GENEVA — Spiraling energy and freight costs coupled with rising wages and other expenses in China’s Pearl River Delta, the world’s premier textile and apparel manufacturing hub, are spurring the relocation of factories to lower-cost Asian countries and a rethinking of sourcing plans to places closer to key home markets.
This story first appeared in the May 13, 2008 issue of WWD. Subscribe Today.
In contrast to the days of global quotas when firms moved around from country to country to secure access to restricted markets, relocation today is largely driven by increasing costs.
However, Asia is still positioned to retain its pivotal role as the world’s textiles and apparel production hub and much of the relocation is expected to occur within the region.
The increase in wages is seeing a trend of firms moving production away from China toward Vietnam, Cambodia, India and Bangladesh, said Neil Kearney, general secretary of the International Textile Garment and Leather Workers Federation.
Analysts at the Zurich-based International Textile Manufacturers Federation who track investments in the sector note that there is a general trend of increasing investment in countries such as Vietnam, Bangladesh and Cambodia. Improved conditions in China’s rural areas, as a result of the increases in prices for farm products, have also seen a reduction in the availability of cheap labor from the countryside, they said.
In addition, Kearney noted that the sharp increases in land and utility costs, and shortages of water, in coastal areas are increasing the transfer of plants to other low-cost Asian locations. But China still remains by far the biggest investor in the industry, although the outlays have leveled off, said ITMF analyst Christian Schindler.
Despite the increases in costs, China’s big domestic market, good infrastructure compared with Pakistan of India, for example, and availability of inputs in the value chain from cotton to man-made fabrics still makes it an attractive sourcing location.
However, analysts note that in view of the congestion in the coastal areas there is also a move to relocate plants inland in China’s poor western region. The area is set to benefit from the development of Euro-Asian Transport linkages that will enable the shipment of textiles and apparel merchandise by rail to Western European markets, and also on to the U.S. and Canada, and in the process slashing the time of getting the goods to market by at least 10 days compared with hauling the same goods by sea routes.

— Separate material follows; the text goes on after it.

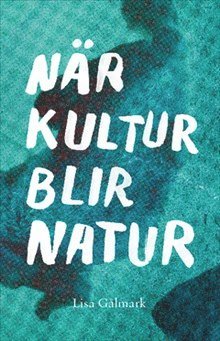 bokomslag När kultur blir natur : texter i urval 1989 - 2013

European and Asian transport ministers have agreed to outlay $43 billion by 2014 to the revitalization of the ancient Silk Road and to modernize other networks throughout Eurasia.
Guozhi Chang, senior adviser at China’s railways ministry, said at a recent United Nations conference here that China plans to invest $12.5 billion over the next few years.
“The future of this project is very bright,” he said in an interview, adding that haulage of value-added products such as textiles and apparel rather than bulk commodities are seen being carried to and from China and Europe.
Proximity to market has also seen strong investment in recent years in Egypt, given its strategic closeness to Europe. Similarly, investments have also been strong in Turkey but seem to have reached a peak, Schindler said.
Asked who was likely to fare best in the new high-cost environment, a top Swiss private banker, who asked not to be named as he has clients in many countries, said, “Obviously those companies with the ability to locate and produce in various locations will be the winners in the long run. Those having to decide on a functional basis where to shift production will be losers because of trade and overall costs.”